Brain Research New Zealand is proud to be setting up New Zealand’s first ever network of Dementia Prevention Research Clinics (DPRCs). Through our clinics, we aim to enrol ~400 people with mild cognitive impairment and to follow them over time to find out which factors influence improvement and which biomarkers, cognitive characteristics, and lifestyle factors influence development of Alzheimer’s disease. We may also invite participants to join preliminary clinical trials, to help us find new ways to prevent, delay or ameliorate Alzheimer’s or related dementias.

If you volunteer for our study, and meet the study’s selection criteria, you will have the opportunity to:

  • Have a detailed assessment of your memory by leading clinicians in the field
  • Be part of future research intervention studies aimed at delaying or preventing Alzheimer’s disease

Our clinics are run by multidisciplinary teams that consist of neurologists, clinic nurses, neuropsychologists, blood technicians and imaging specialists.
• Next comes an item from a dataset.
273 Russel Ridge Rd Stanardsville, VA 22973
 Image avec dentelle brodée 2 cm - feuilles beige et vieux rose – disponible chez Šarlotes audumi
What to expect when you visit the clinic

When participants and their families attend one of our Dementia Prevention Research Clinics, this may involve 3-4 sessions.

Session 1

  • During your first visit you will meet our Clinical Research Nurse, who will fully explain the study and ask you to complete consent forms.
  • You will have a comprehensive assessment with our clinical team.
  • If you are eligible to continue in the study, you will be invited back for three more sessions:

Session 2

  • We collect a fasting blood sample.
  • We provide you with breakfast following blood collection.
  • You have a detailed assessment of your memory and thinking abilities.

Session 3

  • You have an MRI Brain scan.

Session 4

  • You will meet with our clinical team who will give you your assessment results, and a written summary report. They will also send the results of your assessment to your GP or primary healthcare provider. There is no charge for any of these tests.

If you have Mild Cognitive Impairment or mild Alzheimer’s disease you will be reassessed annually, including interview, questionnaires, cognitive testing and blood tests. MRI scanning will be repeated every two years. If you were found to have another condition, you will not be followed up annually. Your data will be part of the database and you may be invited to participate in a broad range of preliminary clinical trials by our researchers.